§ **What needs to be done**: Write out exactly the lines of the entries below from the one holding "Karsti pārdod HROYL" to the one holding "GRINDELIA ROBUSTA D30, 10 G", inclusive, and leave out all other lines.

§ **Supplied information**:
Start of Block
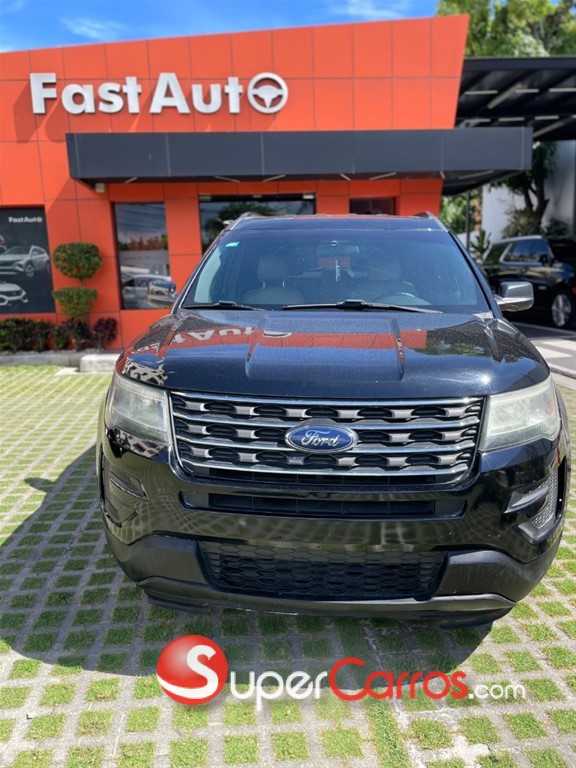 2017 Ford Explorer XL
End of Block
Start of Block
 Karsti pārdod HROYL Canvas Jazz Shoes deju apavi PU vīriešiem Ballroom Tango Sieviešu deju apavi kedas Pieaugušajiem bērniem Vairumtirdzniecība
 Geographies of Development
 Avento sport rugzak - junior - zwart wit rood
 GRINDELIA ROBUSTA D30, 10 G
End of Block
Start of Block
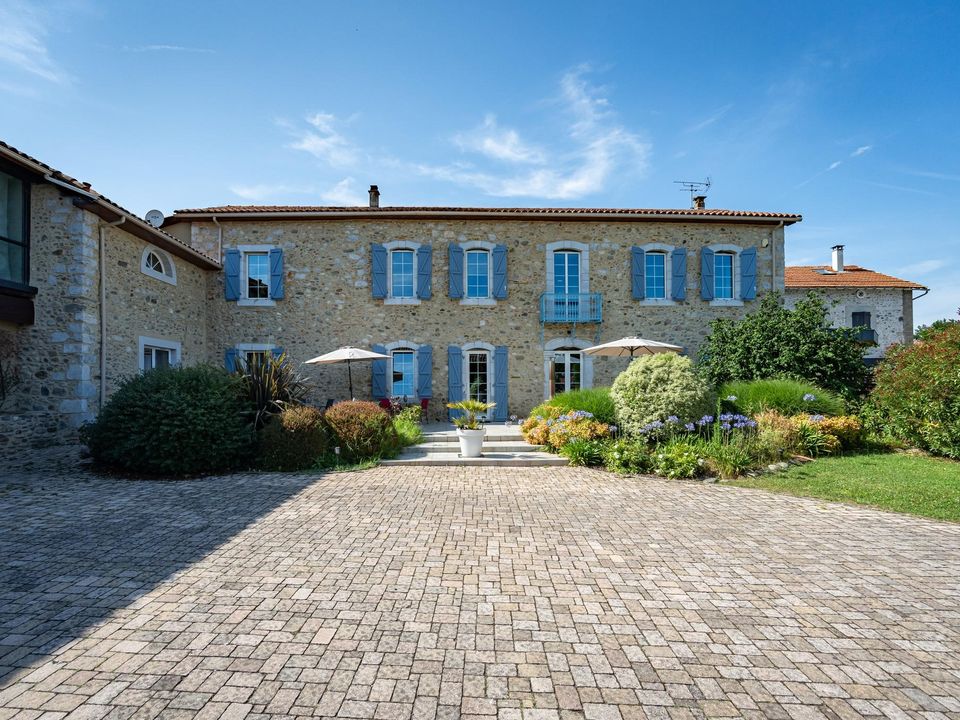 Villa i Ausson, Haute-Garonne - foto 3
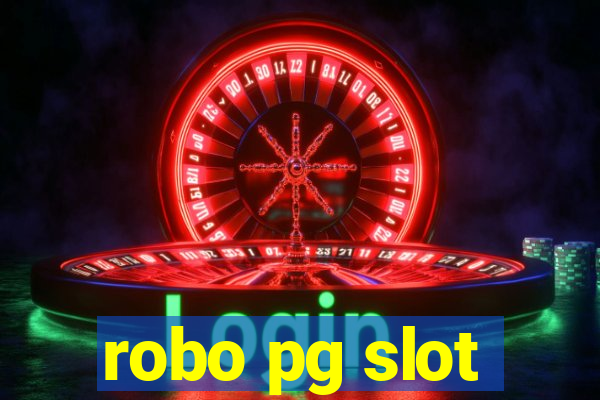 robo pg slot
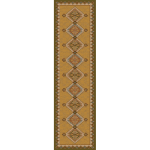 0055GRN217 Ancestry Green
End of Block
§ **Finished task**:
 Karsti pārdod HROYL Canvas Jazz Shoes deju apavi PU vīriešiem Ballroom Tango Sieviešu deju apavi kedas Pieaugušajiem bērniem Vairumtirdzniecība
 Geographies of Development
 Avento sport rugzak - junior - zwart wit rood
 GRINDELIA ROBUSTA D30, 10 G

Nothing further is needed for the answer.